I inquire about the preferences for sizing.
“Yes, they tend to prefer more of a ‘fashion’ fit - longer and narrower. He thinks it’s flattering,” he says.
I’m not sure about whether it’s more a fashion thing or not - certainly there’s more fashion going on at Anatomica than Moulded Shoe, but it’s not exactly French couture either.
Still, the difference in sizing was dramatic. After a quick measurement on the American-specific (‘Brannock’) scale, Maurice suggested a size 9D. Anatomica had recommended a 10.5C.
The fit felt very good: close through the arch and ankle, but with plenty of room to wiggle the toes. A better fit than most ready-to-wear I have, and in some ways better than some bespoke.
On that original article about the modified last, reader ‘Plop’ got it pretty much spot on. In his experience, he said he’d recommend sizing down a half size on the modified, and perhaps a size narrower. I tend to wear a 9E in wider Alden lasts and a 9.5E in narrower ones.

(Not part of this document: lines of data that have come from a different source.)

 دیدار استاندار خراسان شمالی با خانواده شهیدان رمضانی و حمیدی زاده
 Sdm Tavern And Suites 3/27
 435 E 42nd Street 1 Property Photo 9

I bought a pair of half-brogue boots in snuff suede (D8814), driven by the fit and the fact it would be my only chance to shop at Moulded Shoe (Alden don’t allow them to ship outside the US).

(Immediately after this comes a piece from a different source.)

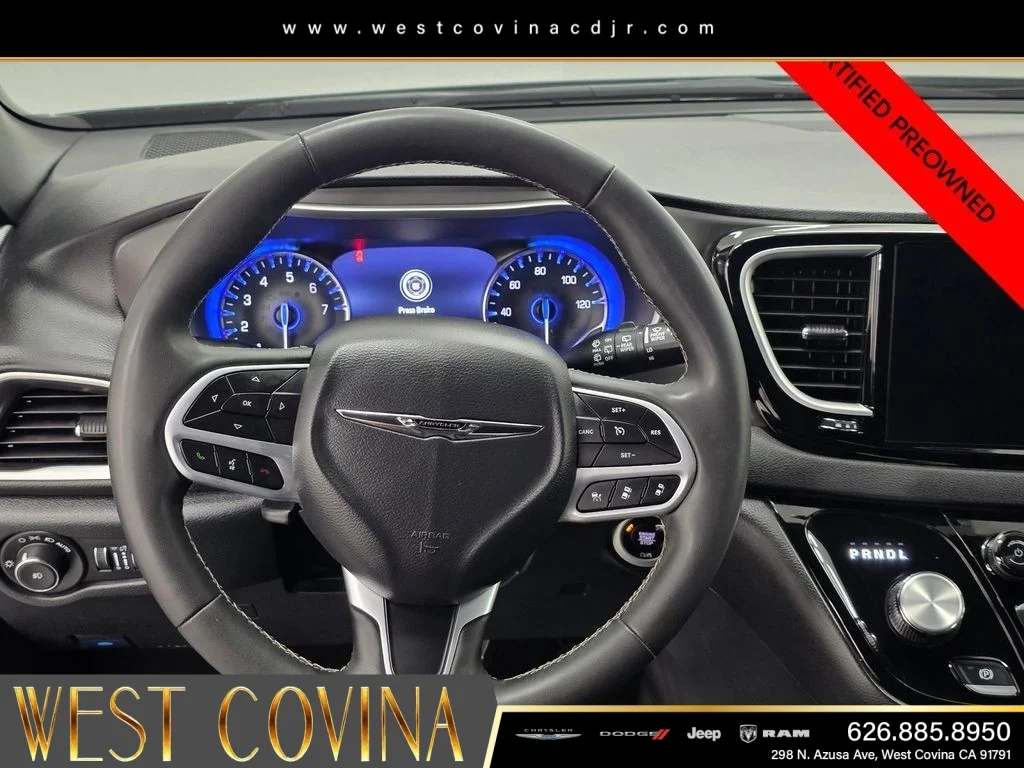 Used 2025 White Chrysler Select image 17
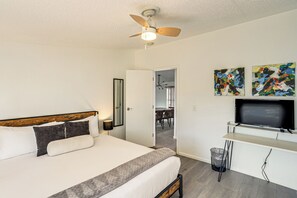 A hotel room with a bed, a television, artwork on the wall, and a ceiling fan. - Mtn-View Colorado Escape 11 Mi to Ouray (Ridgway)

I think the last shape works well in a boot because its idiosyncrasies are a little obscured by the design. But still, it’s the smaller size that makes the difference: when you’re not wearing a shoe that’s a full size bigger than you’d normally wear, the curved shape is a lot less obvious.
The last works particularly well on me because I have that 'spade' shape described earlier. (If you have flat feet or are wider in the heel, the Berrie or Trubalance lasts from Alden are better.)
But I know many other men do too - you only have to read the number of comments from readers asking about sizing in loafers, saying their heel always slips out. Chatting to Tony Gaziano a few weeks ago, he estimated that perhaps 20% of Gaziano & Girling customers fall into that bracket. Perhaps enough to justify a dedicated loafer last for some brands.
It's in that context that the remark above about the fit of bespoke shoes should be taken. This one last works particularly well on me, and bespoke makers are often trying to create it from scratch.
Of course, it's also not a fair comparison because those makers are trying to create a very visually attractive show at the same time.
But it feels significant that while we were in the store, a reader did come in (pictured top) that had tried bespoke makers, been unsatisfied, and been recommended to try the modified last as an alternative. From a purely fit point of view, it can clearly fill a niche.
I'll take some photos of my boots in a few weeks to show how they look. I'll probably have a better idea of how I feel about them by then as well.
Moulded Shoe sell other shoe brands, though not at the same level as Alden, and they make bespoke shoes, costing $1500-$2500 - but real orthopaedics.
They don't make bespoke loafers full stop, because they think a laced shoe will always fit a customer better.